Greenland's ice sheet is currently melting twice as fast as it was just a decade ago. Combined with the melting Antarctic ice cap, some scientists warn that this could raise sea levels by several meters within the century.

If that happens, entire island nations will disappear and much of the world's coastlines will be reshaped -- with the survival of major cities threatened.

Pragmatic Solutions Needed

In short, scientists caution that dramatic effects of climate change could be felt very soon unless the world gets serious about reining in greenhouse gases.

British Prime Minister Tony Blair's message today was that he accepts the warnings. And he signaled that he intends to lead a global effort to prevent these dire scenarios from happening. But he said pragmatic long-term solutions are needed, which are not being addressed by the current Kyoto Protocol on climate change.

Under the Kyoto Protocol, which runs out in 2012, over 50 industrialized countries have pledged to cut their combined greenhouse-gas emissions by 5 percent.

The United States, which produces one-quarter of the world's greenhouse gases, has not ratified the treaty, citing economic reasons. Major developing countries like China, the second-biggest producer of greenhouse gases, and India are also not covered by Kyoto.

Blair said today that Britain is on track to meet its Kyoto targets. But he argued that without the involvement of the world's largest countries, any climate pact is meaningless.

"We will meet our Kyoto targets, in fact we will double our Kyoto targets," he said. "But there is one very obvious truth about climate change. Without the participation of America and the emerging economies of China and India, there isn't going to be a solution."

Blair said a new agreement must be drafted that addresses U.S. concerns as well as the goals of developing countries that are trying to catch up economically with the West.

"What is necessary is to get an international agreement that has got a framework with a stabilization goal in it, so that we set a very clear objective for everyone to aim at, and then you have to develop the science, the technology, and the changes in behavior necessary in order to meet that goal," Blair said.

Kyoto Targets Not Met

John Coll welcomes Blair's statement but said it won't be easy. He noted that even the modest Kyoto targets are in danger of not being met.

"Even trying to meet some of the Kyoto targets has created lots of legislative problems for some of the industrialized and developed countries," Coll said. "Obviously, the big problem for politicians is how do you square the circle, if you will, on this economic-development paradigm and reigning in people's lifestyles in line with trying to curb emissions. Obviously, a large part of it relates to energy and transport policy, so I think at the political level it becomes quite difficult for the policymakers."

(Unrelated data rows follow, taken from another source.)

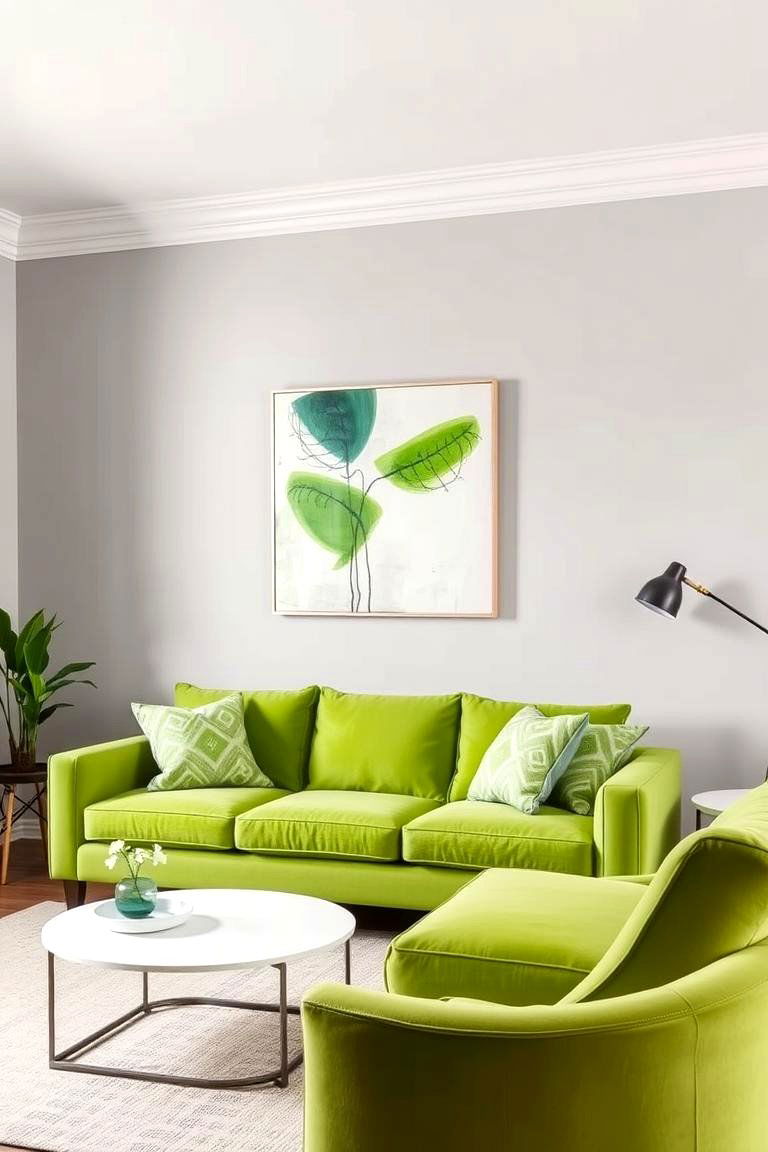 Green Sofa with Grey Walls and Vibrant Green Accents - 24 Green and Grey Living Room Ideas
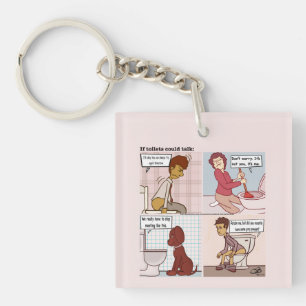 Als toiletten kunnen praten sleutelhanger
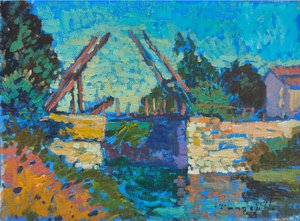 Lebhafte Kanalbrücke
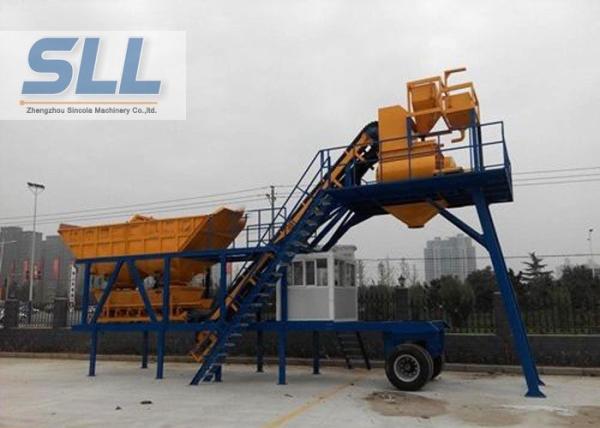 High Productivity Portable Concrete Mixer Batching Plants Mobile Low Noise
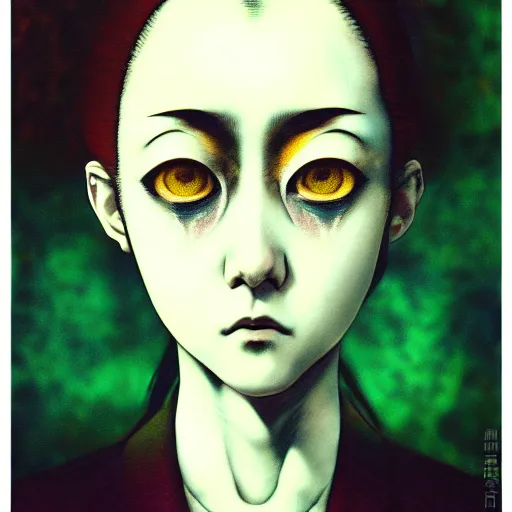 Image similar to yoshitaka amano blurred and dreamy realistic three quarter angle horror portrait of a sinister young woman with short hair and yellow eyes wearing office suit with tie, junji ito abstract patterns in the background, satoshi kon anime, noisy film grain effect, highly detailed, renaissance oil painting, weird portrait angle, blurred lost edges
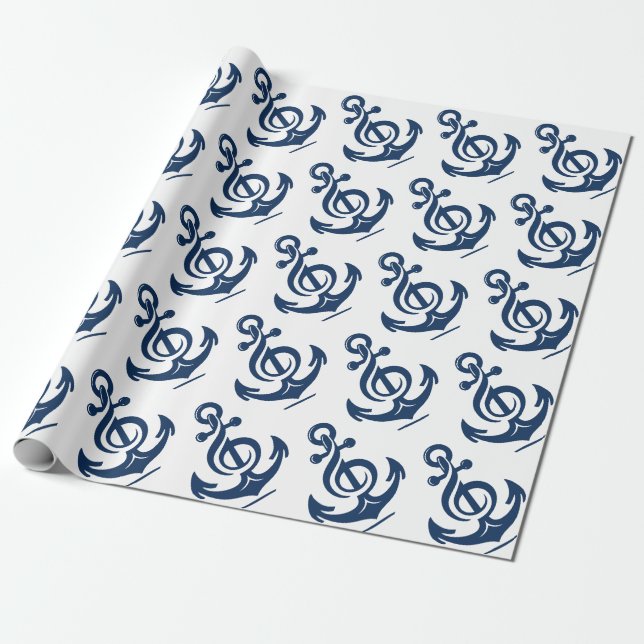 Nautical Melody Anchor Geschenkpapier (Ungerollt)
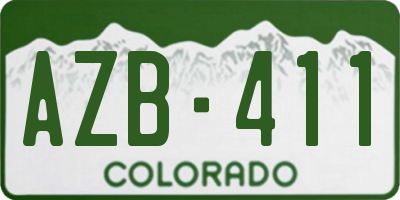 CO license plate AZB411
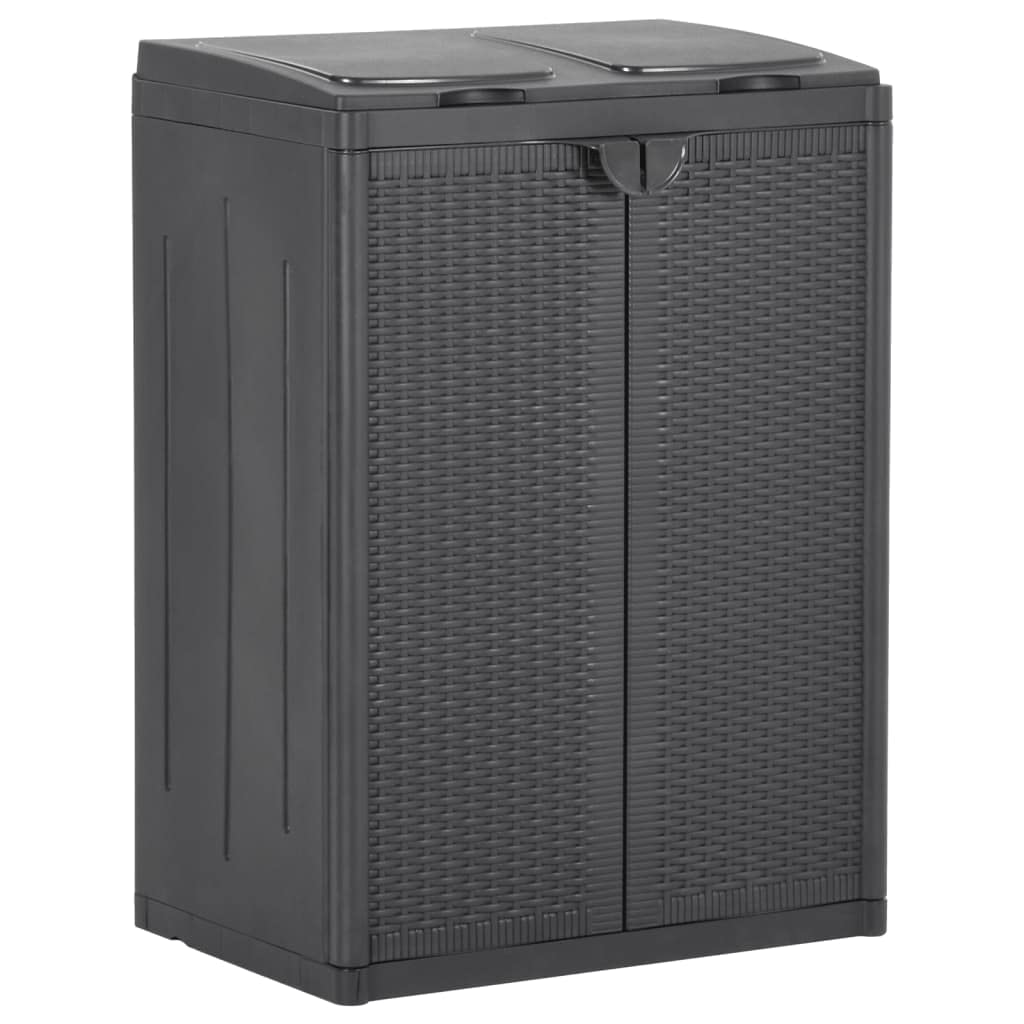 vidaXL 100% Polypropylene Trash Bin with 2 Doors and 3 Bag Holders - Black, 25.6&quot;x17.7&quot;x34.6&quot; – Lightweight, Weather-Resistant and UV-Resistant with Rattan Look, Ideal for Functional Waste Separation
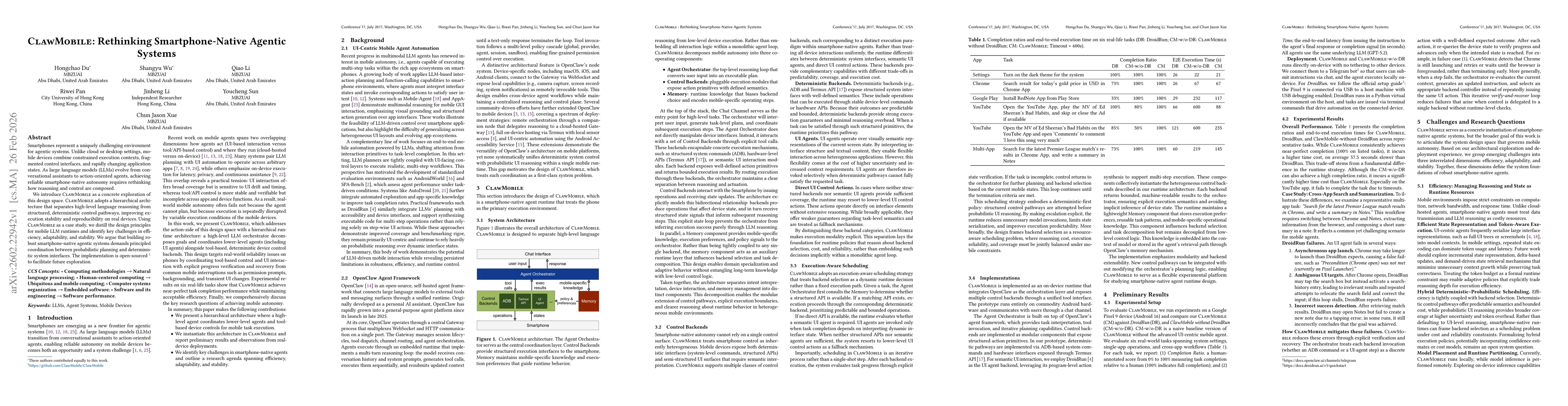 Thumbnail for ClawMobile: Rethinking Smartphone-Native Agentic Systems
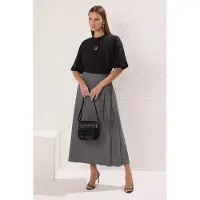 Trendyol Modest Dam Grå Enfärgad Maxi A-linje A-linje Modest Kjolar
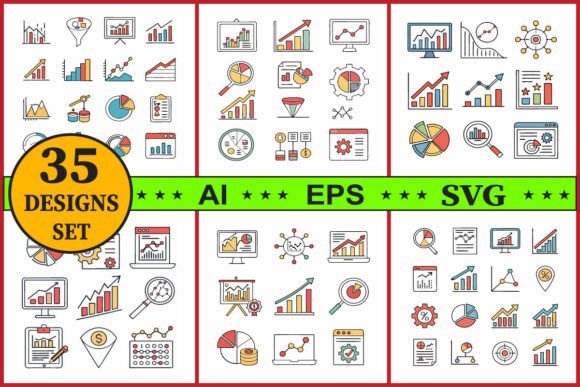 Business Data Analytics Vector Icons Set: Graphics & Illustrations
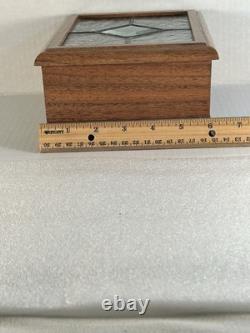 Vintage Stained Glass Lid Reuge Music Box Switzerland Key Wind Keepsake Wood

An added difficulty is that scientists' dire predictions are all based on theoretical models. We know the world has experienced periods of rapid cooling and warming over the millennia. But no one can be certain at what point such changes are triggered, although according to Cole, most scientists believe a certain tipping point -- beyond which changes become irreversible -- exists.

"The very real concern is that nobody really knows what the critical thresholds and tipping points are," he said. "But [it certainly has been the case] in past sudden climate transitions that once a certain temperatures threshold is reached, things can start to go out of kilter in a more linear fashion. So at that point you might start to get a lot of [contributing] feedback into the climate system and accelerate the warming. So I think that's what a lot of the reports have expressed a concern about."

Blair said he hopes the July summit of the Group of Eight major industrialized countries in St. Petersburg, which will also include nonmembers like China and India, can be a good place to start discussing a new global environmental accord.